Task to complete: Every line below from the one containing "摩尔庄园手游奶油玉米浓汤配方做法详解（摩尔庄园手游奶油玉米浓汤配方做法）" through the one containing "558; Dz. U." is to be printed exactly, with the pictures omitted.

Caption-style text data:
"""

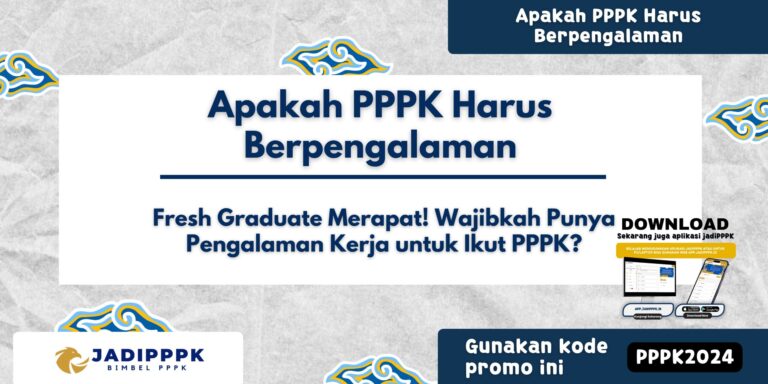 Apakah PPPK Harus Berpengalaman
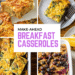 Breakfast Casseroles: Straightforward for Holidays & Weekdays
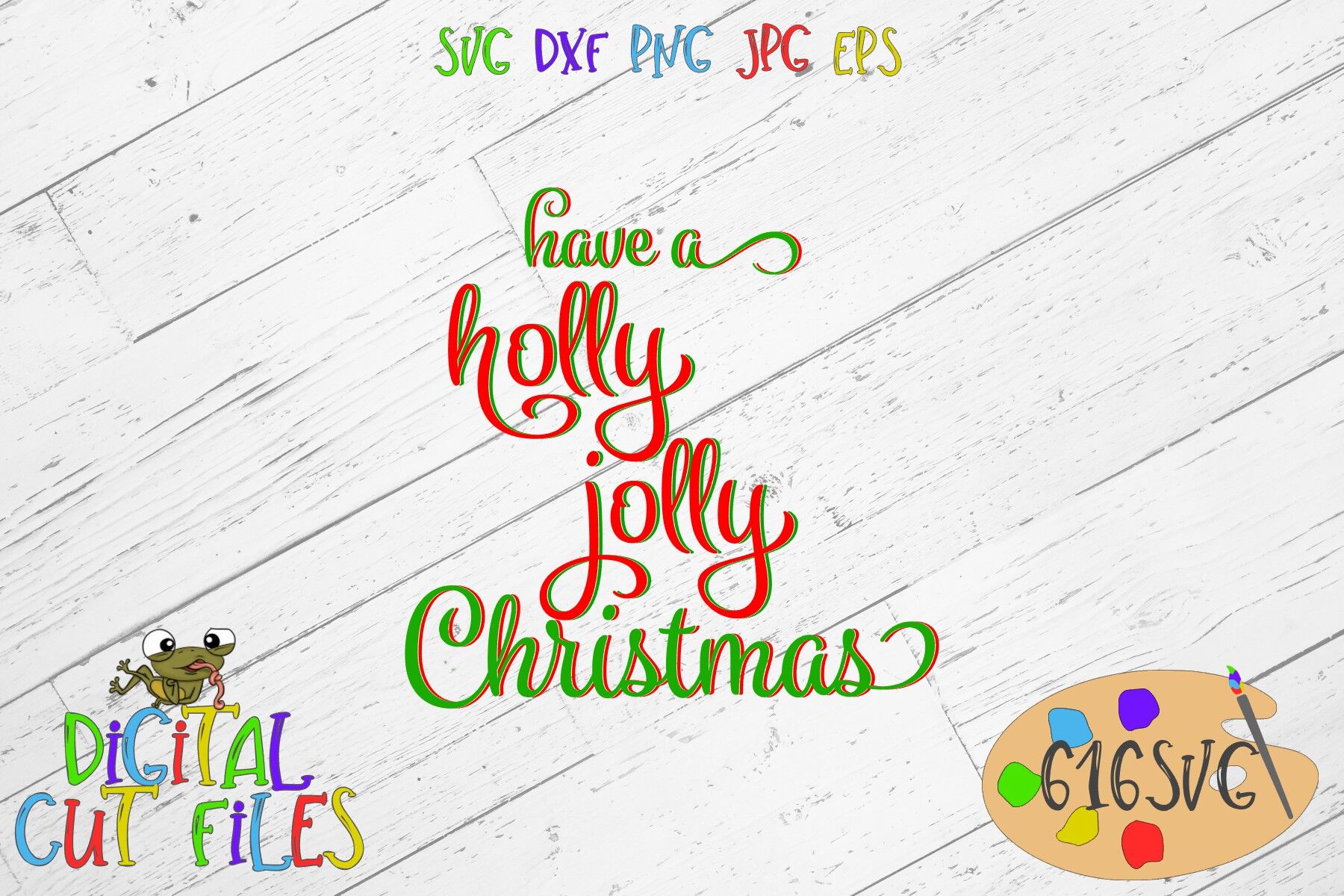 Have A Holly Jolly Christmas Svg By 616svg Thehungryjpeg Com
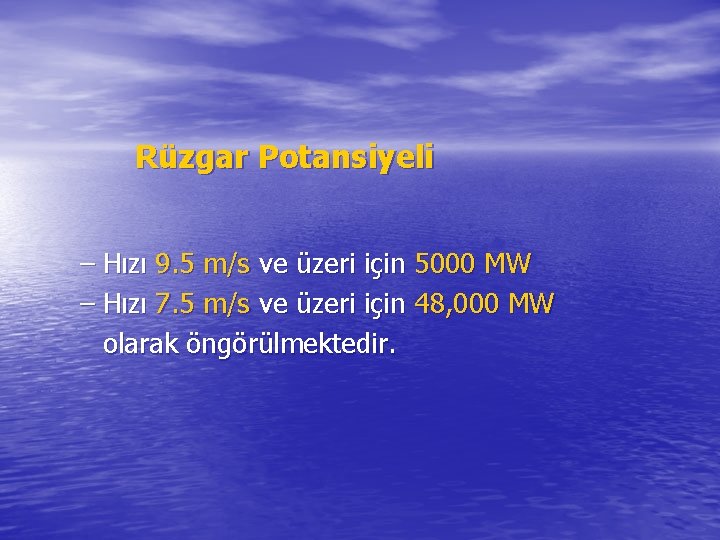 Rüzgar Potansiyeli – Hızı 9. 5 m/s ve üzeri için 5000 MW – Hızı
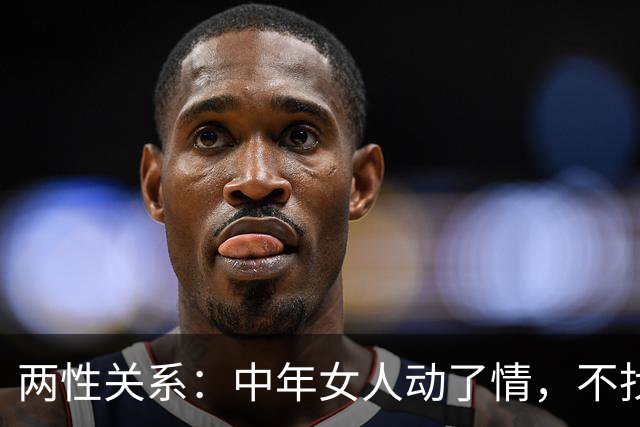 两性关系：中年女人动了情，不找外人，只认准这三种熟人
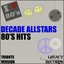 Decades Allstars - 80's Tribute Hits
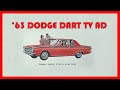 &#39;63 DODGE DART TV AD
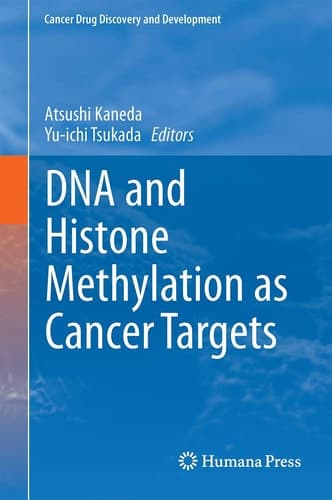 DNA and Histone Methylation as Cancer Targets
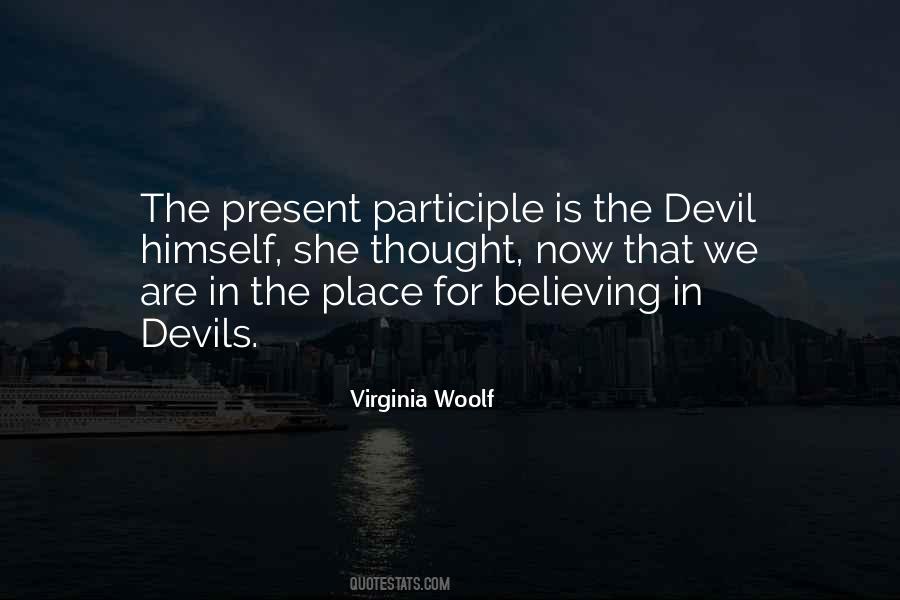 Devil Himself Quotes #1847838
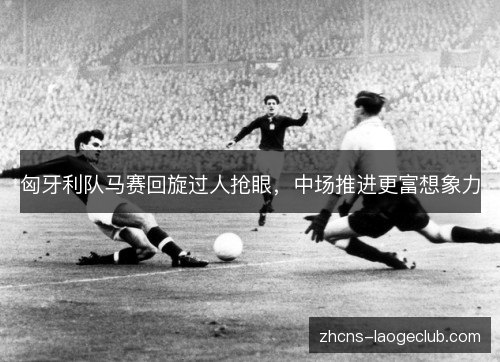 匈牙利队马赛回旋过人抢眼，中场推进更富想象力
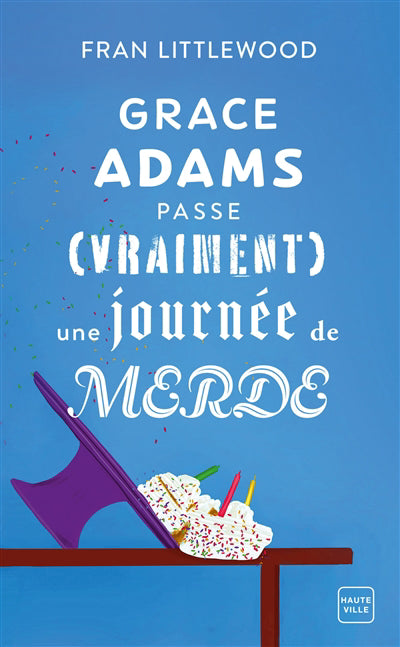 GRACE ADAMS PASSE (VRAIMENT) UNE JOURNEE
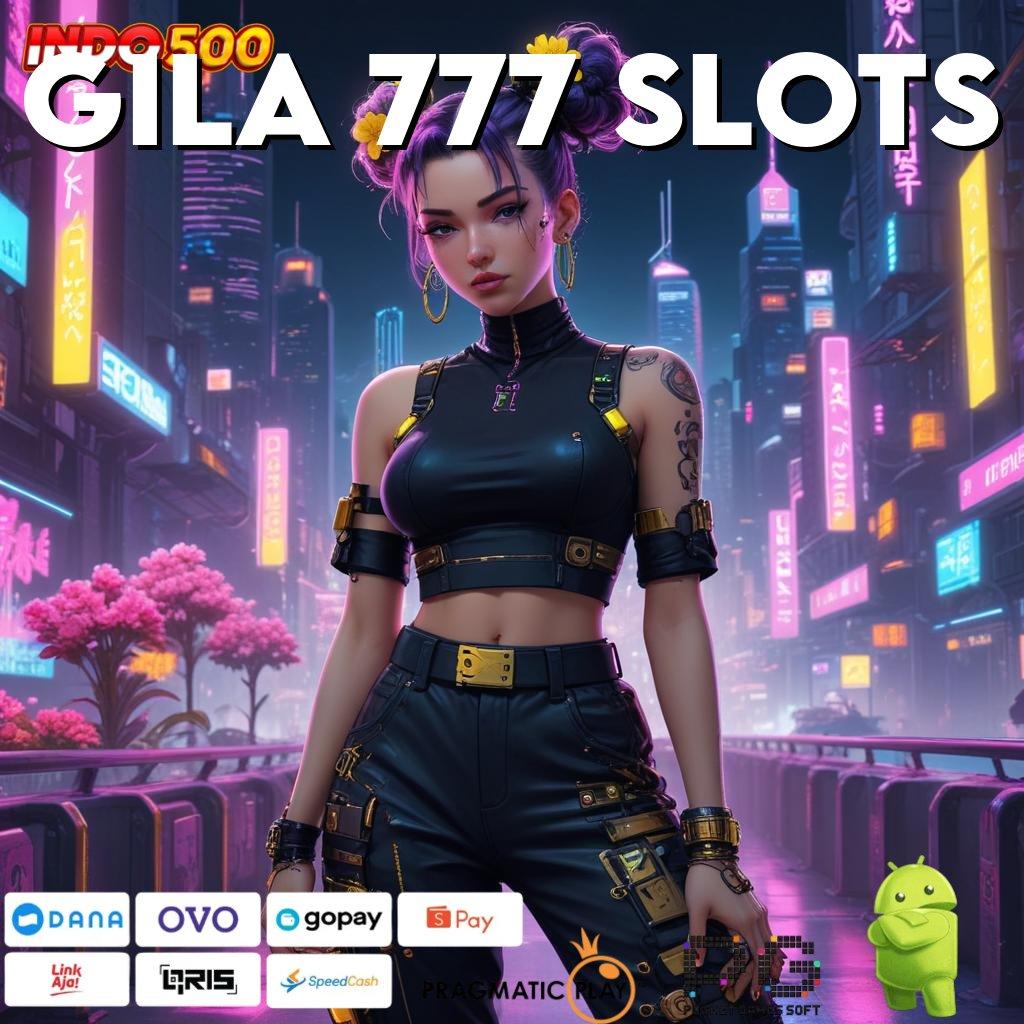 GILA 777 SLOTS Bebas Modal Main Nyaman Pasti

"""
"""

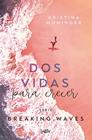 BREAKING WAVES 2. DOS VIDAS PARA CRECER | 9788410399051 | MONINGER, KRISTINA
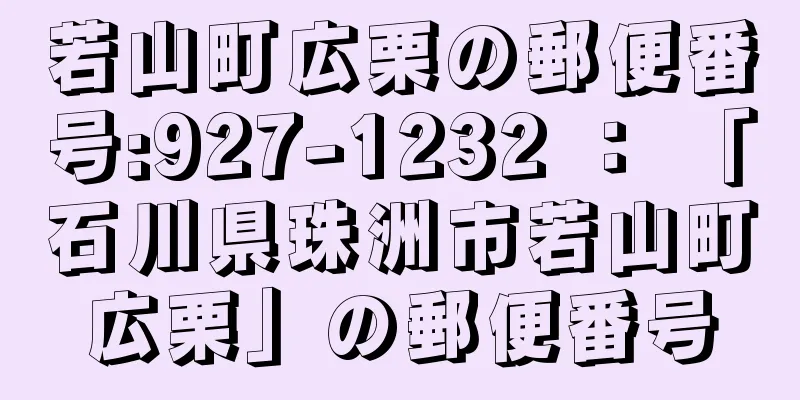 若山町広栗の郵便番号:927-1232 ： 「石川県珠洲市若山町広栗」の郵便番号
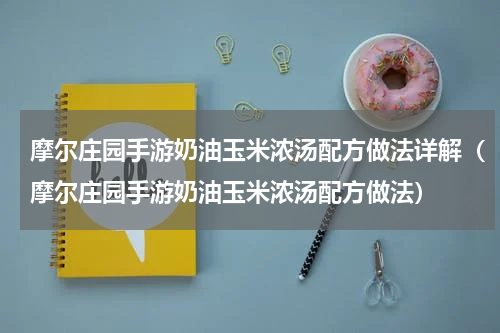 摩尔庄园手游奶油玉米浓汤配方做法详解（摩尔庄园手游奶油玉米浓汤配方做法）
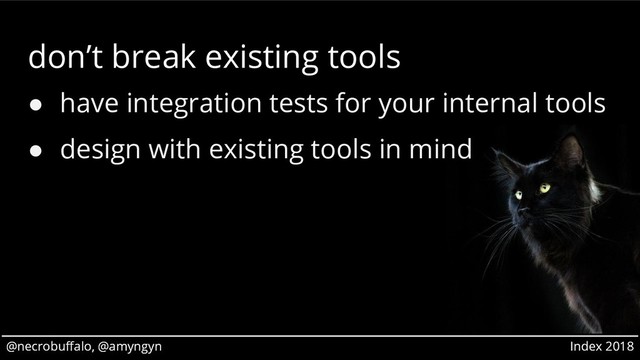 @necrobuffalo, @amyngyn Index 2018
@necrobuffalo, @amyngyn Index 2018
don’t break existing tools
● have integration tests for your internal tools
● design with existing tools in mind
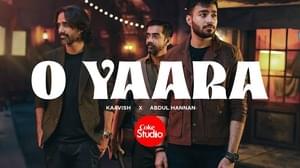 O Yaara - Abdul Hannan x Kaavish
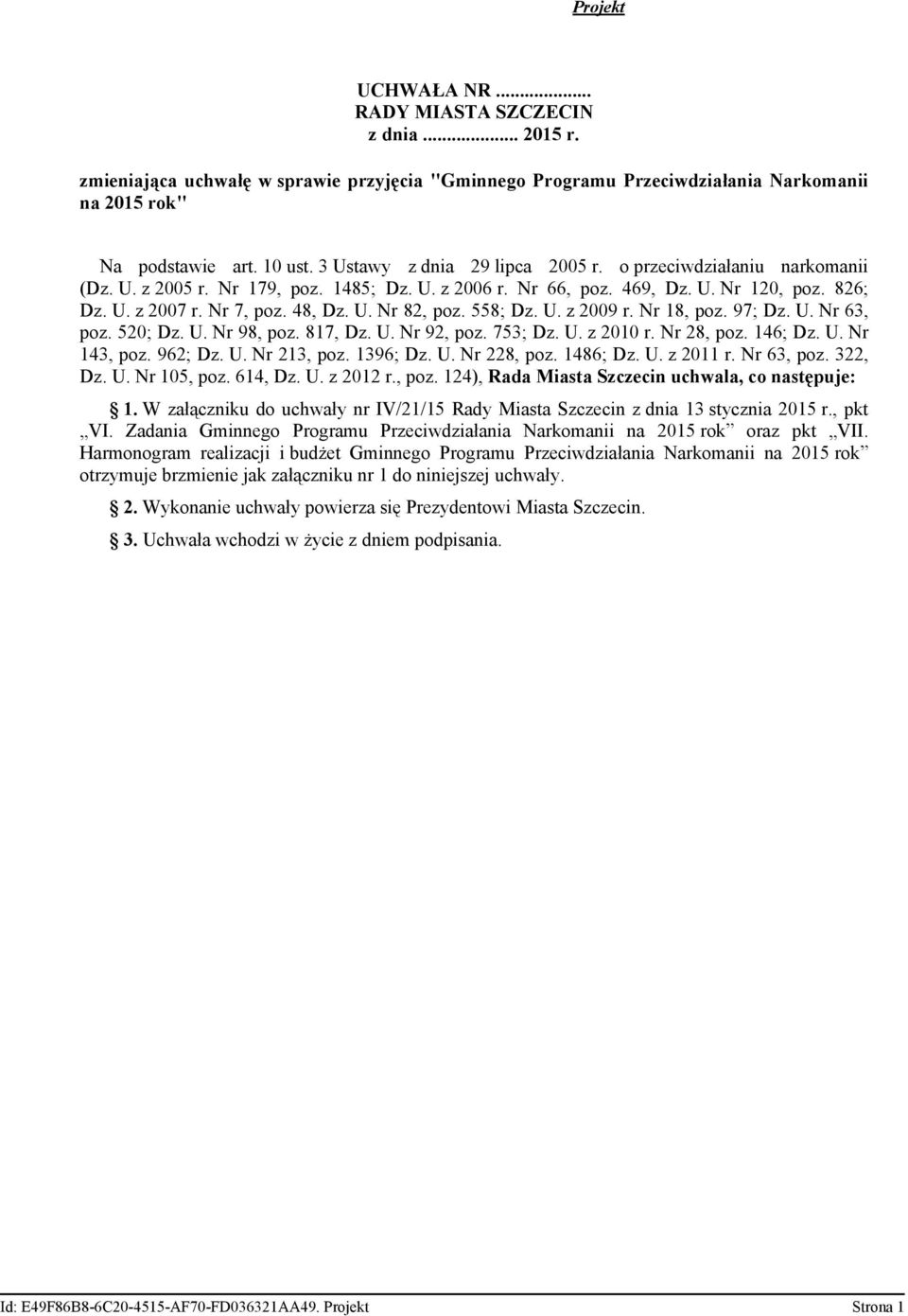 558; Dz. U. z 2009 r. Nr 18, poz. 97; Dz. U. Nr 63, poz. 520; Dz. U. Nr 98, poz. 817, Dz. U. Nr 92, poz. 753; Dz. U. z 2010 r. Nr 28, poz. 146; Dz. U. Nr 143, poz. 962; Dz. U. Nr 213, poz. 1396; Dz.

"""

Exercise result:
 摩尔庄园手游奶油玉米浓汤配方做法详解（摩尔庄园手游奶油玉米浓汤配方做法）
 @necrobuffalo, @amyngyn Index 2018
@necrobuffalo, @amyngyn Index 2018
don’t break existing tools
● have integration tests for your internal tools
● design with existing tools in mind
 O Yaara - Abdul Hannan x Kaavish
 558; Dz. U. z 2009 r. Nr 18, poz. 97; Dz. U. Nr 63, poz. 520; Dz. U. Nr 98, poz. 817, Dz. U. Nr 92, poz. 753; Dz. U. z 2010 r. Nr 28, poz. 146; Dz. U. Nr 143, poz. 962; Dz. U. Nr 213, poz. 1396; Dz.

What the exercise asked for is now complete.